Был у Ал. Тр-ча в Кунцево вместе с М.Ил. и Заксом. Он сам накануне просил позвать нас. Застал я его по внешнему виду много лучше, чем 1 1/ 2месяца назад. Впечатление такое, что сил у него прибыло, нет прежней ужасающей бледности, худобы и слабости. Иногда повернет голову – совсем прежний Трифоныч. Но правая нога и рука – бестрепетны, а речь смутна.
Встретил он меня ласково, обнимал. Пока разговаривали, почти все время сидел на постели, правая рука беспомощно скрючена, как клешня. Хочет говорить сам («сам, сам!» – кричал он, сердясь на беспомощные подсказки М.Ил.). Спрашивал о 5-м томе, который Закс вычитывал в верстке, но чем-то все был недоволен. «Какое впечатление?» – допытывался у меня. Спросил о Солженицыне, с трудом найдя слово.

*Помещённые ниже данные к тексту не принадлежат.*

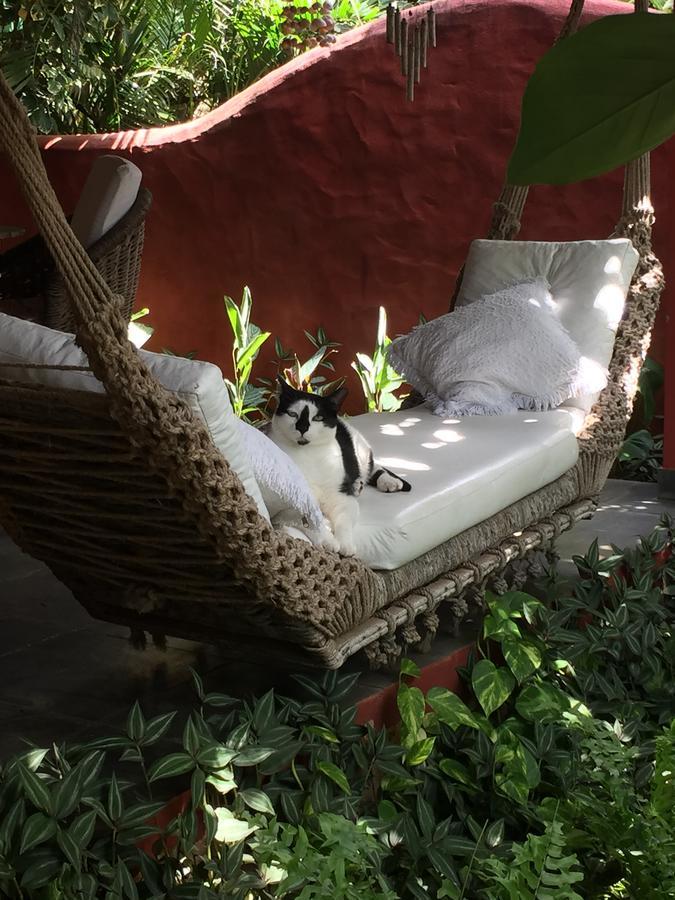 Holiday home Cumelen Jijoca de Jericoacoara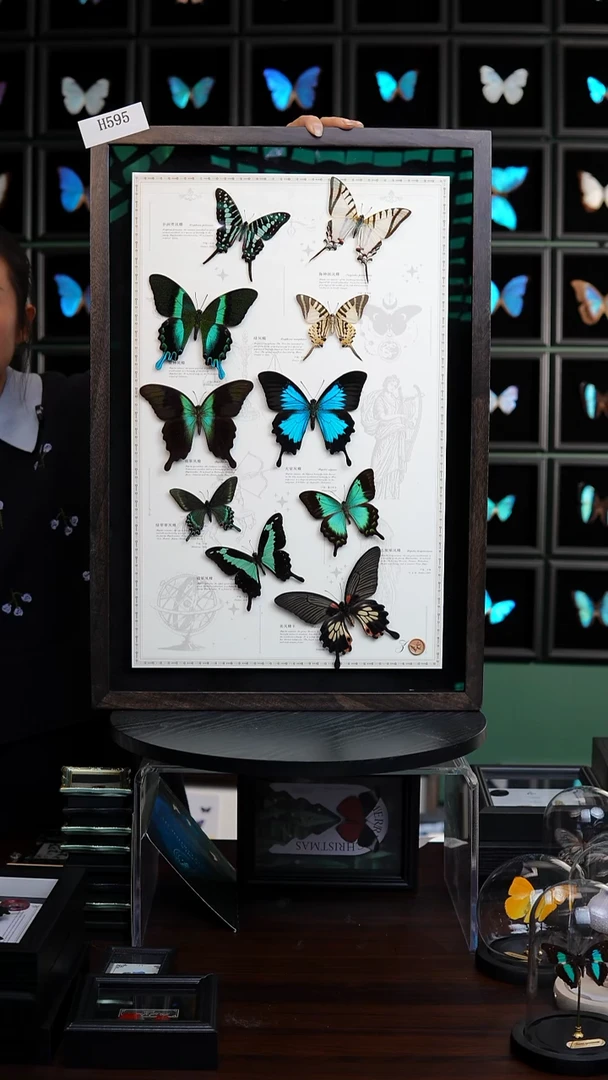 蝴蝶标本摆件竞拍H595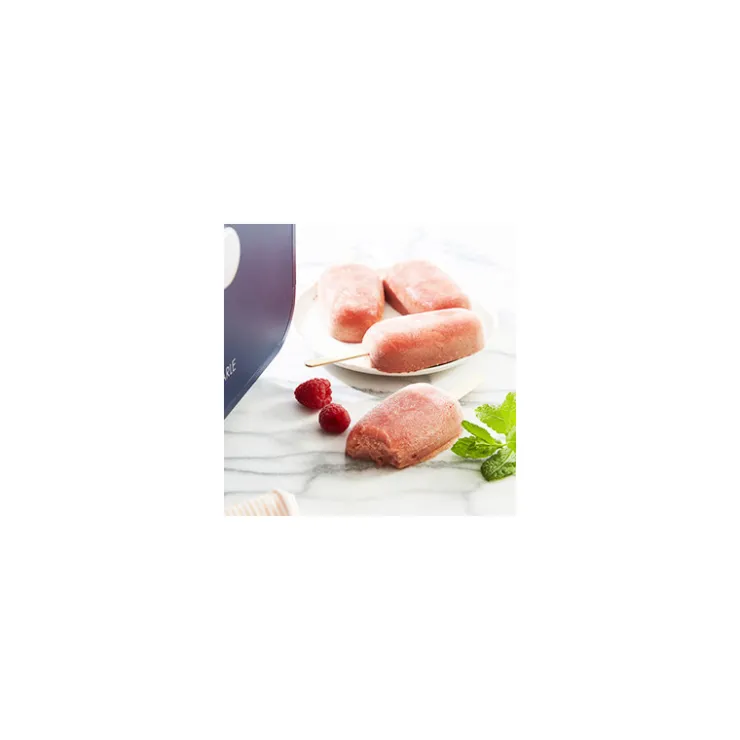 Mix sorbet 300 g*Guy Demarle Shop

Вообще, не могу сказать, чтобы у него было лучше с речью. Сил больше – это так, но в голове прежний беспорядок. А душевно Трифоныч все тот же – добрый, приметливый, чуткий, деликатный. Улыбается шутке, но общий тон – печальный. Просидел у него около часа – и не расплакался обратной дорогой.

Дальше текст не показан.